Dataset excerpt
__________

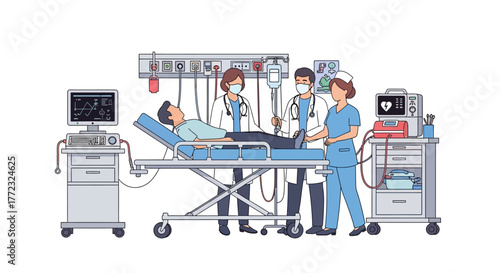 Professional medical staff providing critical care to a patient in an ICU ward with advanced monitoring and ventilation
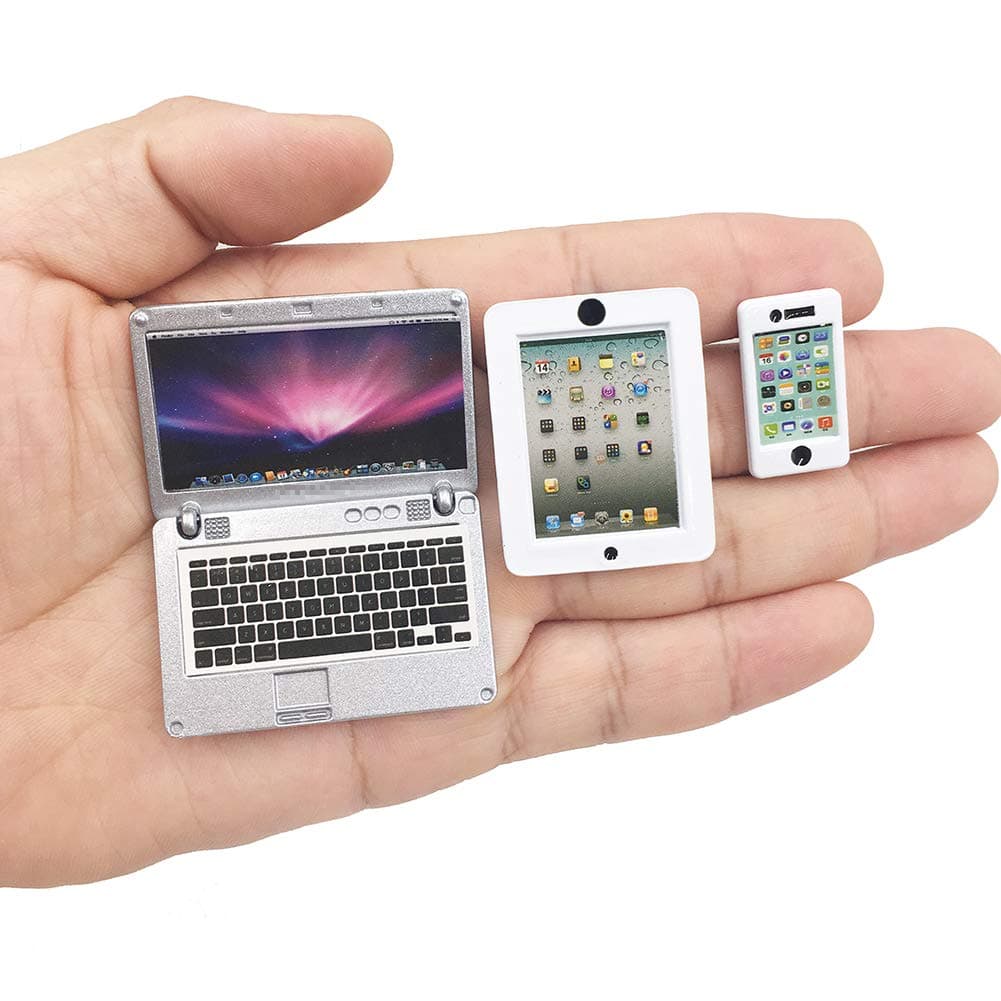 3 Pack Dollhouse Mini Laptop Tablet and Smart Phone Scene Computer Simulation Accessories for Doll 1/6 1/12 Miniatures Silver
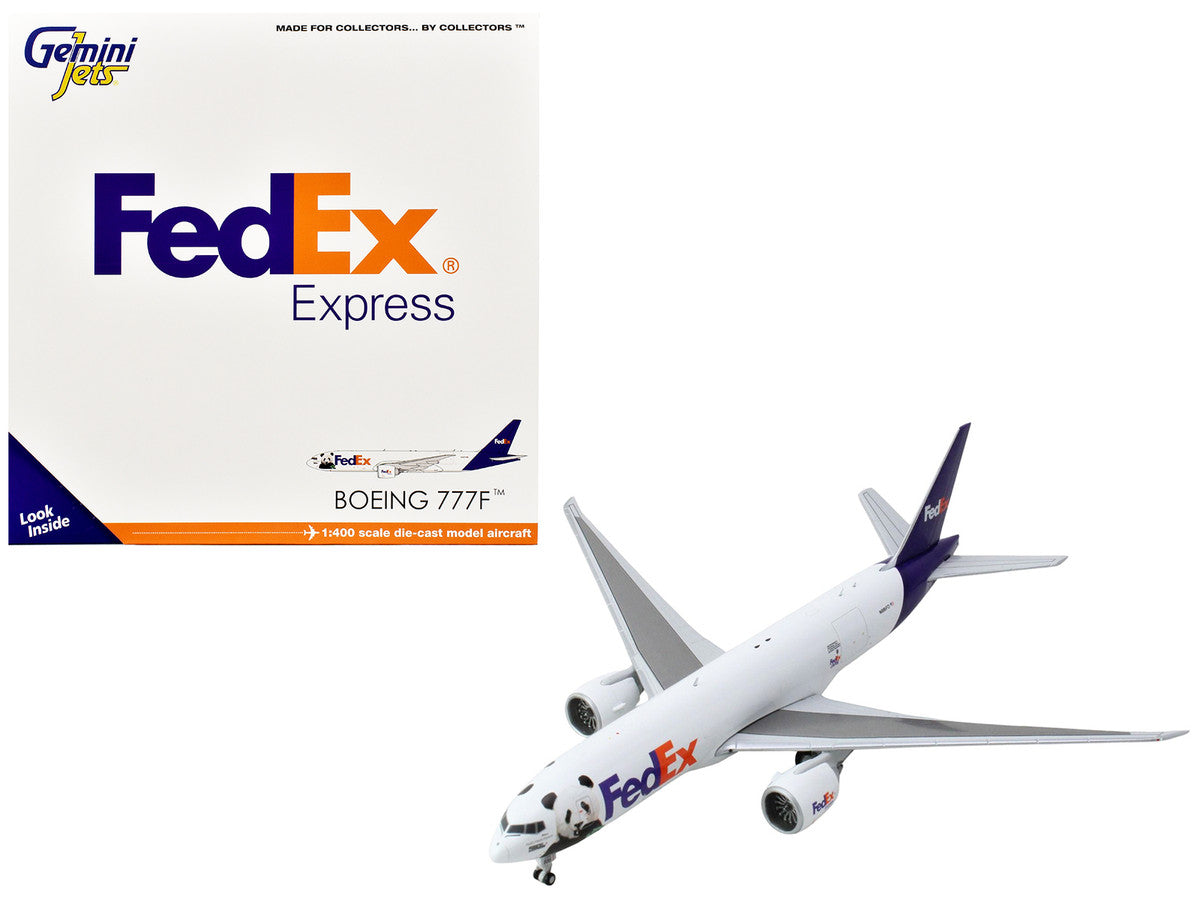 Boeing 777F Commercial Aircraft "Federal Express (FedEx) - Panda Express" (N886FD) White with Purple Tail 1/400 Diecast Model Airplane by GeminiJets-0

__________

Exact copy, pictures omitted: every line from the one holding "3 Pack Dollhouse" through the last line of the data above, and nothing else.

Solution to the problem
 3 Pack Dollhouse Mini Laptop Tablet and Smart Phone Scene Computer Simulation Accessories for Doll 1/6 1/12 Miniatures Silver
 Boeing 777F Commercial Aircraft "Federal Express (FedEx) - Panda Express" (N886FD) White with Purple Tail 1/400 Diecast Model Airplane by GeminiJets-0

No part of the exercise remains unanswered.